Avortement / L’avis du gouvernement : La loi est dépassée et inéquitable

Avortement / L’avis du gouvernement : La loi est dépassée et inéquitable

ALM : Que pensez-vous de la législation qui régit actuellement l’avortement au Maroc ?

El Houssine Louardi : La loi qui régit l’avortement est très restrictive, non équitable, dépassée et ne tient pas compte de la réalité de la vie des Marocains. Ceci engendre une augmentation du nombre d’avortements clandestins et des avortements non médicalisés, qui peuvent avoir comme conséquence des hémorragies sévères ou des chocs septiques qui peuvent conduire à la mort. Selon nos statistiques, ces décès ont représenté 4,2% des mortalités maternelles en 2010.

Quelle est, dans ce cas, la position du ministère de la santé ?
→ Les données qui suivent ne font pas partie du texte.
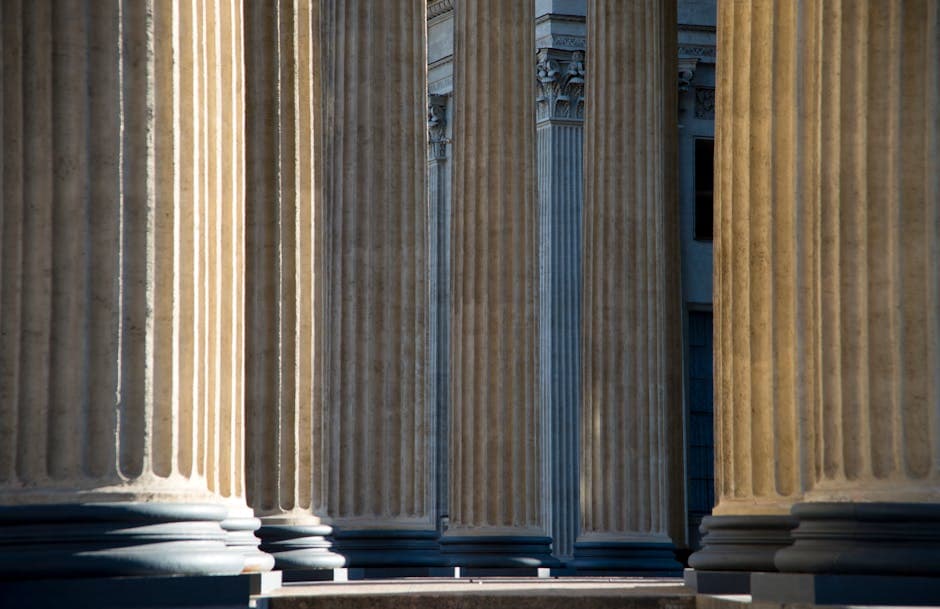 Elegant neoclassical columns showcasing architectural grandeur in St. Petersburg, Russia.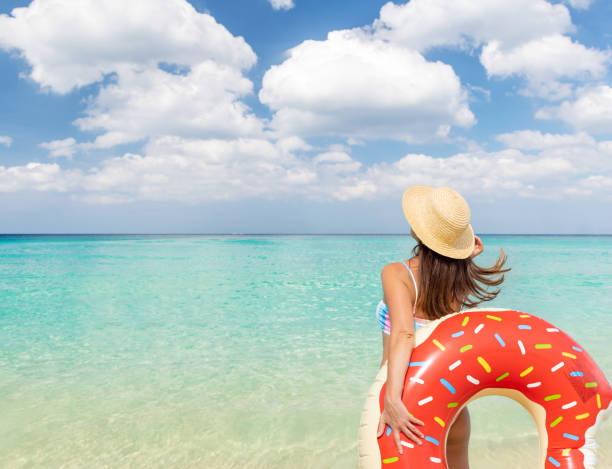 istock Beautiful woman with inflatable donut 1464170123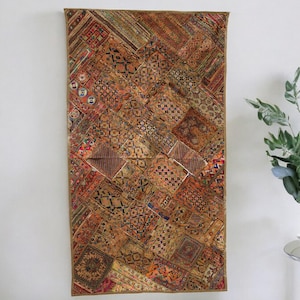 May include: A tapestry wall hanging with a patchwork design of various shades of brown, red, and blue. The tapestry is made of fabric scraps sewn together in a geometric pattern.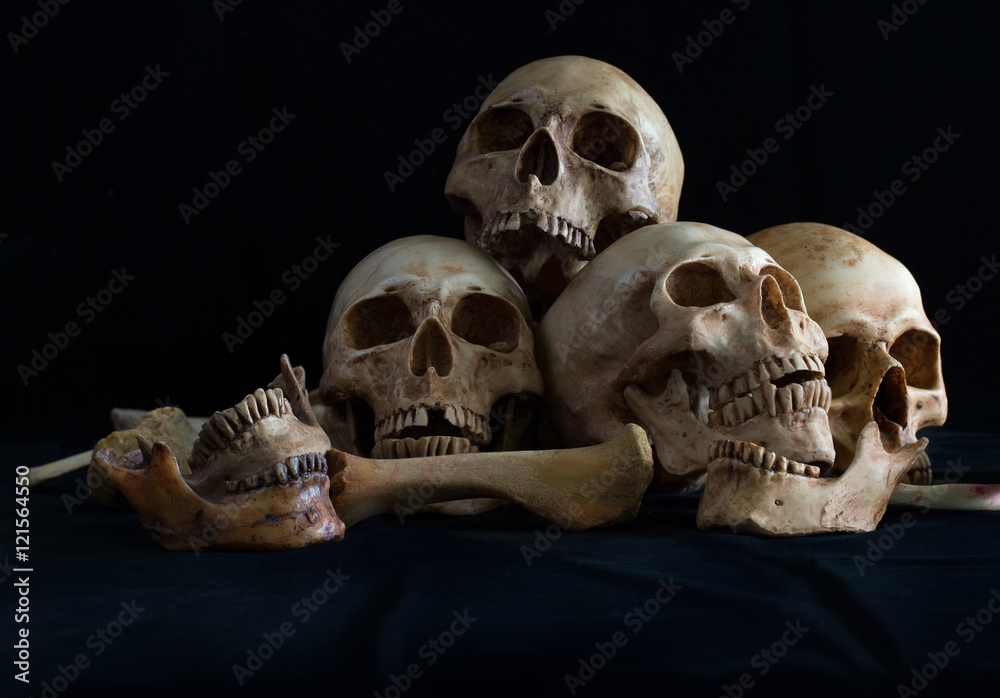 Awesome pile of skull and bone on black cloth
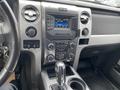 Interior dashboard of a 2014 Ford F-150 featuring a radio display climate controls and gear shift lever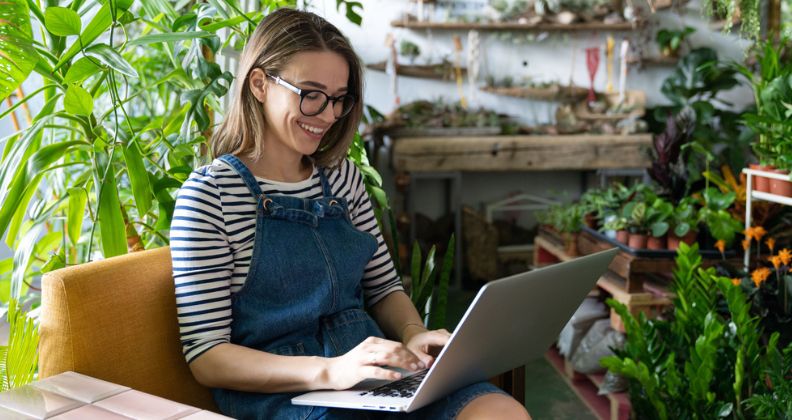 Mulher usando laptop em uma sala cheia de plantas.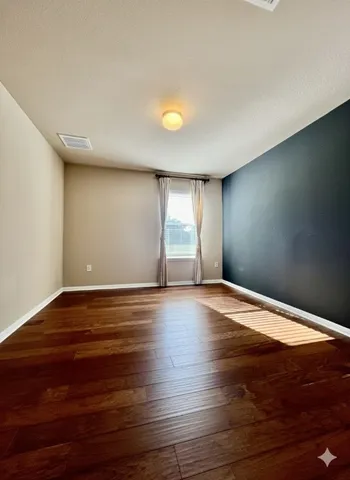 a spacious bathroom with a double vanity sink and a mirror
Le ministère lutte contre l’avortement clandestin et non médicalisé, et appelle à la révision de la loi actuelle. Nous travaillons dans le sens de la libéralisation de l’avortement pour préserver la santé physique, psychique et sociale de la femme. Cela veut dire dans au moins quatre cas: l’inceste, le viol, chez les jeunes filles arriérées mentales et dans le cas de malformations fœtales importantes. Dans ce sens, le ministère représente la position du gouvernement, et je me battrai corps et âme pour cette vision.    

Dans la pratique, qu’allez-vous proposer lors de cette rencontre ?

Nous allons proposer au cours du débat une stratégie sur trois axes pour combattre l’avortement clandestin. D’abord la prévention, particulièrement à travers l’éducation sexuelle des jeunes et des adolescents, c’est le rôle du ministère de la santé mais surtout de l’école, des parents et des ONG. Le deuxième axe est la facilitation de l’accès des femmes et des jeunes filles sujettes à un avortement clandestin aux institutions sanitaires du royaume pour traiter les complications. Il n’est pas question de laisser des jeunes filles mourir parce qu’elles ont peur des poursuites pénales. Le troisième axe est la révision de la loi en tenant compte des spécificités sociales, culturelles et religieuses du pays.